I think the problem is cultural, not one of engineering.
I can't say I can point to any sort of evidence of this, so take it with a pinch of salt, but my gut feeling is that the people in Google who are responsible for GT are somewhat fanatical about making purely statistical machine translation (and, in particular, deep-learning machine translation, a.k.a. neural machine translation) work. They are most probably perfectly well aware that it is possible to improve their system by using some rule-based fall-backs, or some background knowledge, but they have decided that they dont' want to use those and instead want to do machine translation from scratch and from data only, without any expert input.
As a developer I kind of get it: "we have all this machinery so we won't compromise to use the simple route even if it makes sense short-term; let's improve our product instead". But as a user I'd expect Google to be at least as good as dictionary lookup from two decades ago, and do PL -> RU or PL -> DE instead of PL -> EN -> RU, PL -> EN -> DE when I type in a single word.

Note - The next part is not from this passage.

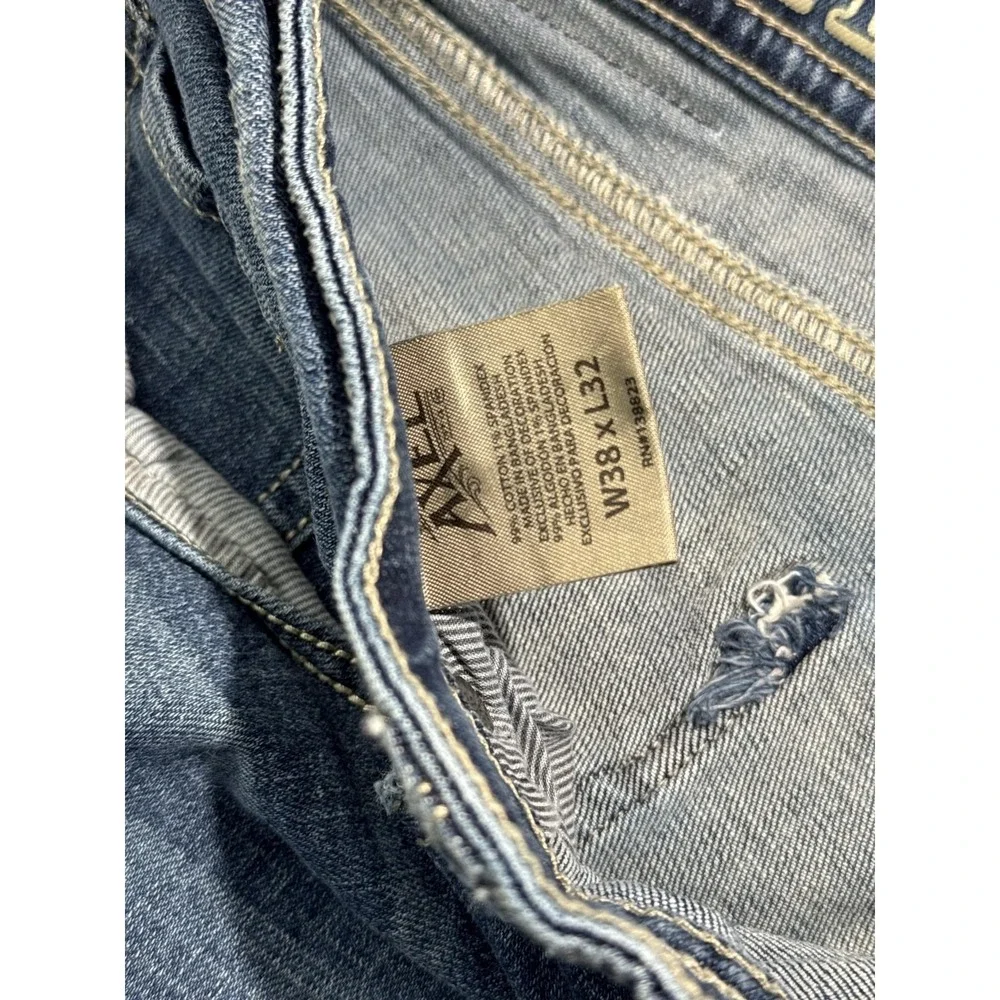 Axel Slim Boot Jeans Mens 38x32 Blue Denim Bootcut Stretch Embroidered Pockets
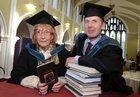 Charlie Byrne, founder and owner of Charlie Byrne’s Bookshop at the Cornstore in Middle Street, and playwright, poet and painter, Patricia Burke Brogan, both of whom were conferred with the Honorary degree of Masters of Arts at NUI Galway this week.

Google Translate simply isn’t meant to be used for dictionary lookup, though. If you use it for that then you’re using the wrong tool.
This is like complaining that Word isn’t as good as vi, which is decades old, for text editing. Sure they could bolt a text editor onto Word if they wanted to, but why bother? That’s not what people are looking for when they use the product. And if that’s what you want, there are many other choices that are much better.